How to Achieve Successful 360 Degree Reviews
Over the last year or so we have completed quite a number of 360-degree review assignments for our clients - and we'd like to share some of our experiences with you.
We've generally been engaged to design, administer and report 360-degree reviews for individual assessment against competency frameworks. They are also used for individual performance assessment. The 'rules' for success are pretty much the same in both cases.
We think that the rules for success look like this:
Platform, data storage and online access
Select the software platform that is going to meet your current as well as your potential future needs. Might you want to repeat reviews in the future and compare outcomes? Might you want to expand from competency assessment into performance management and/or succession management? Might you want to change your questions or rating scales in the future, or provide an additional language to English?

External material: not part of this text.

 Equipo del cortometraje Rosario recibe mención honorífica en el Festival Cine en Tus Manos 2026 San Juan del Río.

A good platform selection will pay dividends and a poor one will hurt you. At ODI we use Centranum TMS for our client engagements – it is eminently programmable, modularised, New Zealand based, and supported by a highly experienced registered psychologist.
Testing
Set up dummy reviewers and reviews so you can test the whole process (from invitation to review, the review itself, to report generation). Work on the basis that anything that can go wrong will go wrong. Engage others in the testing to get diverse user perspectives.
Review questions
Take a reviewer-centric view of the questions to make sure they are clear, unambiguous and readily understood by the reviewers; this will assist with the quality of responses as well as with the usefulness of the review outcome reports. Professional help from an organisation psychologist to get the language right can significantly add value.
Ratings and comments
Use a rating scale language that works for your business (you may already have a favourite one). An odd number of ratings plus a ‘not observed’ option works best – either five or seven gives a meaningful spread.

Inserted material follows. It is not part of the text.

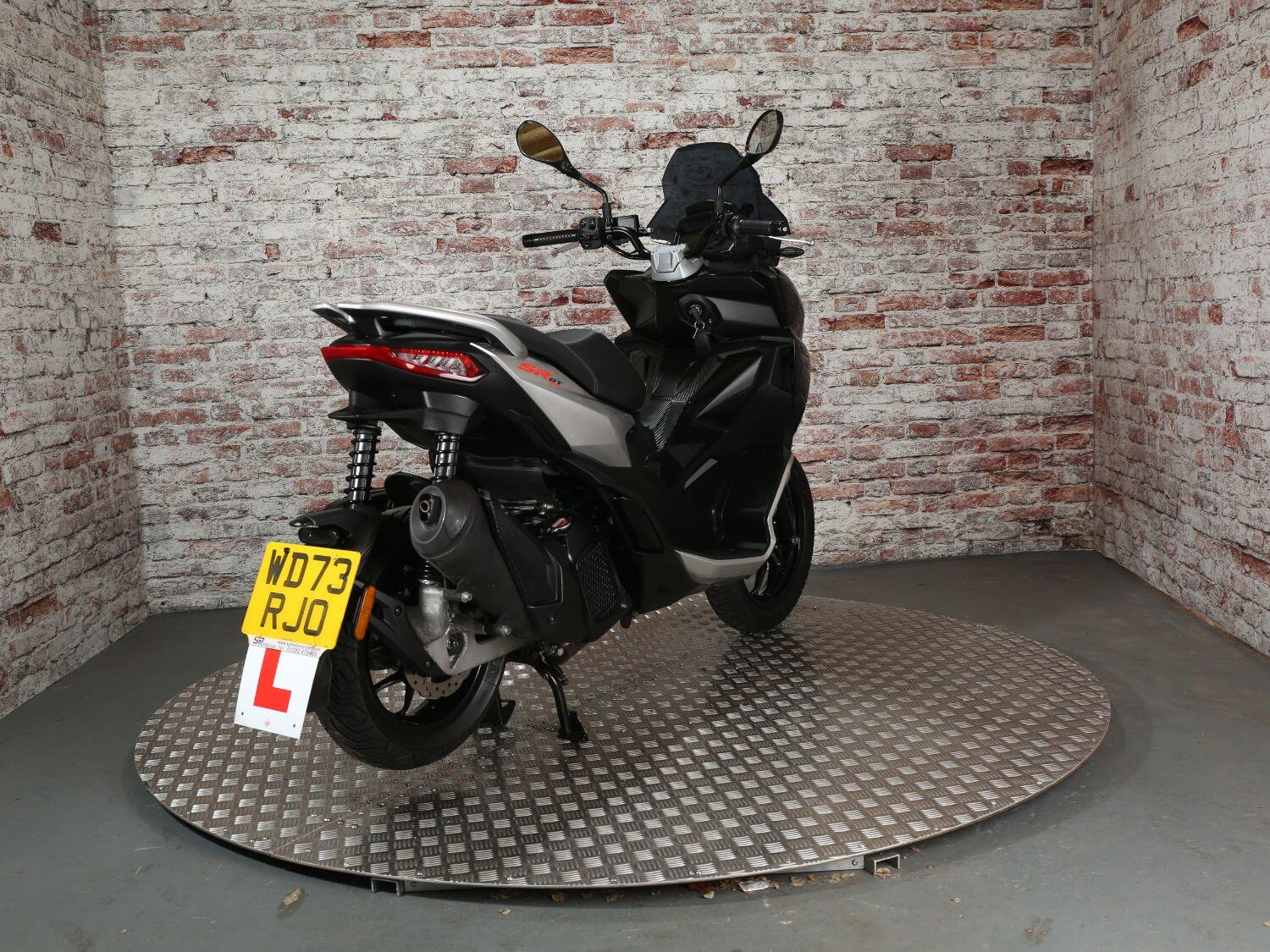 Aprilia SR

You can rate either on a frequency basis (none of the time, some of the time, all of the time, etc), or on a degree basis (poor, satisfactory, very good, excellent, etc) depending on your situation. Professional advice as to the rating scale suited to you can pay dividends.
Ratings should be compulsory for each question, with ‘not observed’ giving the necessary flexibility. That can prevent reviewers from avoiding harder questions. Comments are to be encouraged but should not be compulsory – not every reviewer will be confident to offer useful comments.
Reviewer selection
Encircle each reviewee with a suitable mix of reviewers - self, manager(s), peers, team members. If reviewees select their own reviewers, moderate the choices they make so the outcomes are truly representative.
Anonymity
Reviewers need to feel safe, right from the beginning of the process. Reinforce that their feedback is important and anonymous – make sure you walk the talk about that.
Review instructions
Provide simple and clear instructions to reviewers about how to access the online review portal and how to step through the survey. State (accurately) how long each review is likely to take. Test your instructions to make sure they work and are as simple as they can be.
Some reviewers will get stuck in the process; run a Helpdesk while the reviews are open so you support these to completion.
Reviewer follow-up
Some reviewers won’t ‘get around to it’ in the timeframe you want. Reviewer-specific follow-ups within the review period will encourage completions. Don’t overdo it though – stalking generally doesn’t help. Especially, don’t follow-up those who have already completed; always work off up-to-date completions information.
Tailored reports
Design your review reports so they are clear and unambiguous, taking a reviewee-centric viewpoint. Introductory notes are very useful to reinforce what the review is about, and what it is not. Make sure the notes and tables are true to the language of the questions and don’t introduce new concepts at the reporting stage.
Have electronic copies available for your organisation’s records, but give bound hard copy of individual reports to each reviewee – this encourages their future use of the information.
Feedback
Reviewees will vary in their sensitivity about the disclosure of review outcomes to them. It’s best to hand out review reports only when accompanied by a planned feedback session. Feedback should be provided by an experienced leadership coach or organisational psychologist.